Schools in England spend "insufficient time" teaching about the British Empire, education watchdog Ofsted has warned.
The Empire receives "insufficient time" in schools, Ofsted has warned
Time given over to teaching 11 to 16-year-olds the "significant subject" could be just a few lessons in five years, inspectors found.
Some schools devoted lessons to the question of what history was instead of teaching the subject's actual content.
Teachers were also urged to raise awareness of the Empire's "controversial legacy".
For some 11 to 14-year-olds the topic could be included in a unit covering British history from 1750 to 1900.
But that was only one of six units expected to be taught and it included other material aside from the Empire's growth.
An Ofsted spokesman said that, in the "limited time available", selected content should "be significant".
"The British Empire is given as an example of a significant subject that
currently receives insufficient time in many schools", she said.
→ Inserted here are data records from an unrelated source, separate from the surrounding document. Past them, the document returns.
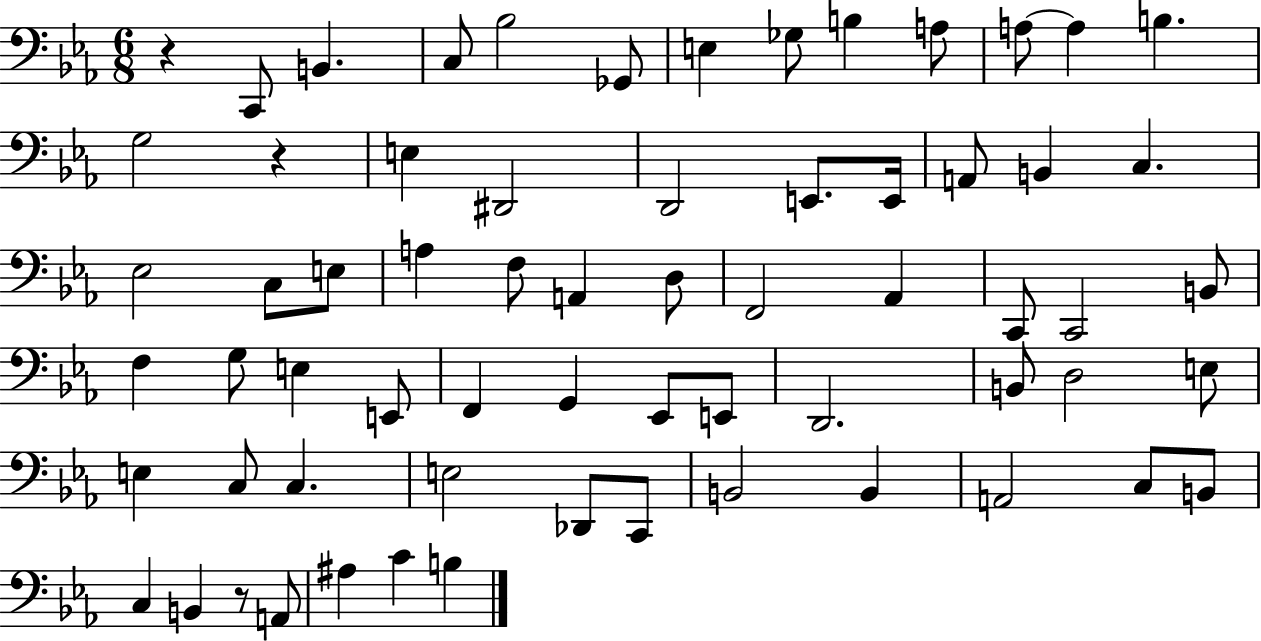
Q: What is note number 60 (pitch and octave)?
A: A#3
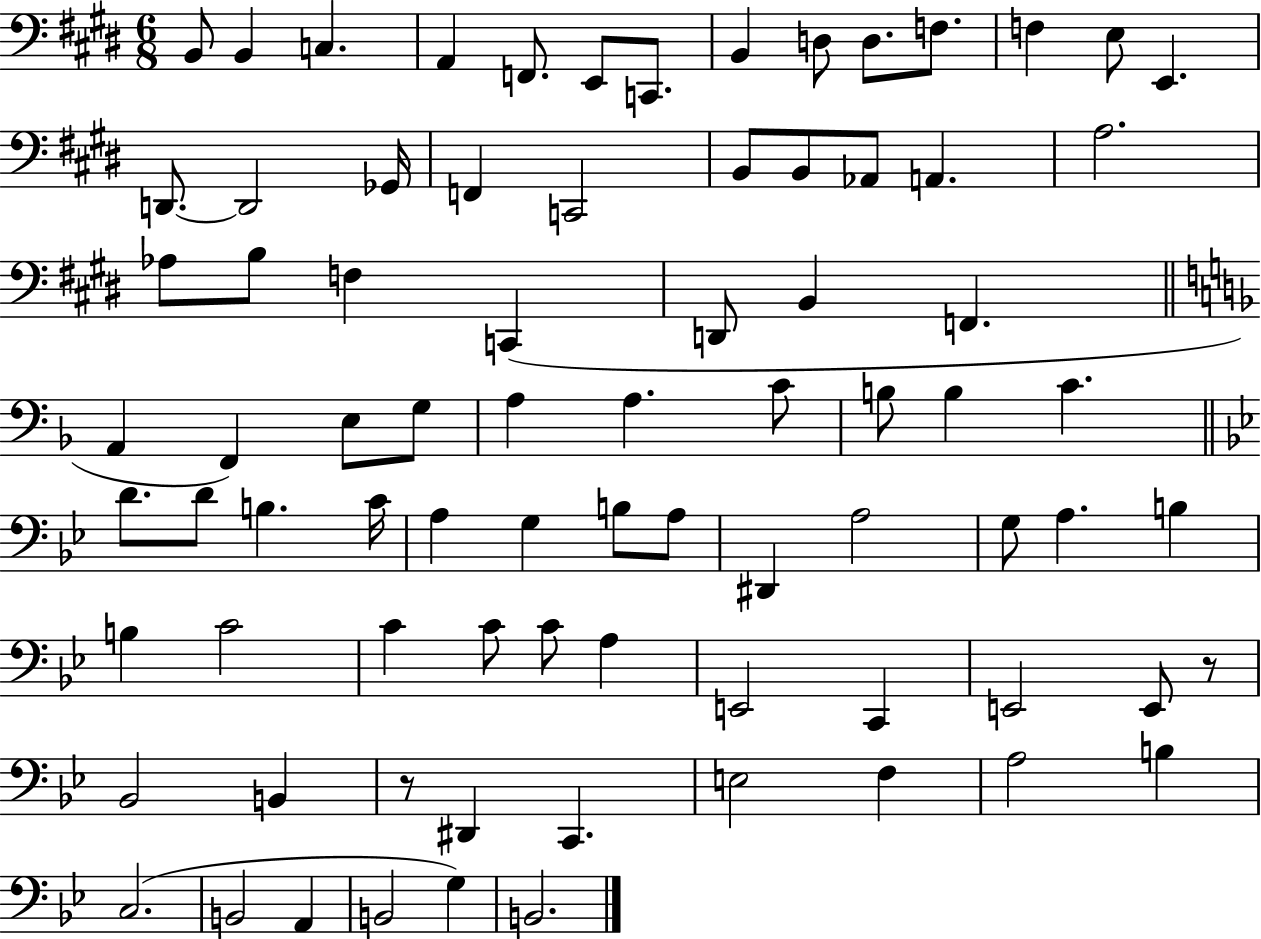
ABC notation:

X:1
T:Untitled
M:6/8
L:1/4
K:E
B,,/2 B,, C, A,, F,,/2 E,,/2 C,,/2 B,, D,/2 D,/2 F,/2 F, E,/2 E,, D,,/2 D,,2 _G,,/4 F,, C,,2 B,,/2 B,,/2 _A,,/2 A,, A,2 _A,/2 B,/2 F, C,, D,,/2 B,, F,, A,, F,, E,/2 G,/2 A, A, C/2 B,/2 B, C D/2 D/2 B, C/4 A, G, B,/2 A,/2 ^D,, A,2 G,/2 A, B, B, C2 C C/2 C/2 A, E,,2 C,, E,,2 E,,/2 z/2 _B,,2 B,, z/2 ^D,, C,, E,2 F, A,2 B, C,2 B,,2 A,, B,,2 G, B,,2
"Pupils should know about the Empire and that it has been interpreted by
historians and others in different ways."
Ofsted's intervention has pleased educational traditionalists who say the growth of the Empire is "a very important period of British history".
Nick Seaton, chairman of the Campaign for Real Education, said: "The key point is that the Empire was very beneficial to indigenous populations in many ways, even though it had its faults.
"The nice thing is that a lot of ex-colonial populations still think quite well of the British."
The Ofsted report on the teaching of history in 2002/2003 also found that some schools were devoting too much time to teaching about Nazi Germany and other subjects.
Ofsted said secondary schools could not say they did not have enough time to cover more ground in history because the subject matter of some lessons was "hard to justify in terms of significance".
"Schools can hardly complain that there is insufficient time for history if they have not first considered the best use of every lesson that they teach in order to achieve their aims and objectives", the spokesman added.
But the Secondary Heads Association said that because history was such a broad and deep subject it was inevitable some parts would get less coverage.
General secretary John Dunford said: "It is important that schools concentrate on the most important and interesting aspects of history, and I think they do that."